Me callé y no dije que yo también les extrañaría a ellos, porque en aquel momento necesitaba alejarme.
– Vendremos a menudo, ¿verdad, Use? -Pues claro que sí. Además, mi estudio no está tan lejos de aquí, andando no se tarda más de media hora.
Pero mis visitas fueron espaciándose, y me sentía culpable por ello. Necesitaba encontrarme a mí mismo, poner en orden mis sentimientos. Sabía que mi padre sufría porque no iba a verle y que eso deterioraba su salud, pero no era capaz de cambiar mi actitud. Incluso cuando nació mi primer hijo tampoco hice nada para que mi padre disfrutara de su condición de abuelo.
Una noche, Amelia me telefoneó alarmada.
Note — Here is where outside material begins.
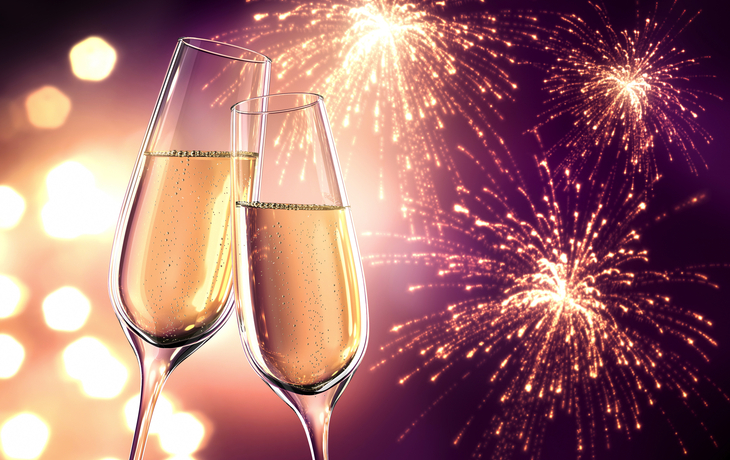 Champagnergläser vor buntem Feuerwerk am Nachthimmel zu Silvester.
Mi padre parecía estar sufriendo un ataque y me pedía que fuera cuanto antes.
Cuando llegué creía que se moría, estaba sufriendo una crisis cardíaca, afortunadamente llegamos a tiempo al hospital.
Mis colegas del departamento de cardiología me habían advertido de que no tuviera muchas esperanzas, pero no contaban con la voluntad de mi padre de seguir viviendo. Estuvo hospitalizado un mes y luego le dieron el alta. A partir de ese momento me impuse a mí mismo no hacerle sufrir más de lo que ya sufría y convertí en costumbre visitarle todas las tardes cuando salía del hospital y antes de ir a casa.
Con Amelia mi relación había cambiado desde la noche en que la oí hablar con Albert, y me daba rabia que ella no me reprochara mi cambio de actitud. Simplemente lo aceptaba como parecía aceptar todo lo que le había sucedido a lo largo de su vida.
A mi padre le alegró que Ilse y yo comenzáramos a llevar a los niños con frecuencia. Le gustaba leerles cuentos y enseñarles a jugar al ajedrez. Amelia, por su parte, ejercía como la mejor de las abuelas. Pero ella seguía siendo algo más que una apacible abuela.
Ilse trabajaba en un instituto de Investigación, donde algunos de sus compañeros científicos eran contrarios al régimen. Ella conocía y simpatizaba con muchos de los opositores, pero se mantenía alejada de sus actividades.
Hasta que un día se vio implicada en un suceso.
Fue a primera hora de la mañana, porque a Ilse siempre le gustaba llegar una hora antes que el resto de sus compañeros, decía que así tenía tiempo para organizar la jornada. Creía estar sola, cuando uno de sus colegas entró en la sala.
– Hola, Erich. ¿Qué haces tan temprano aquí?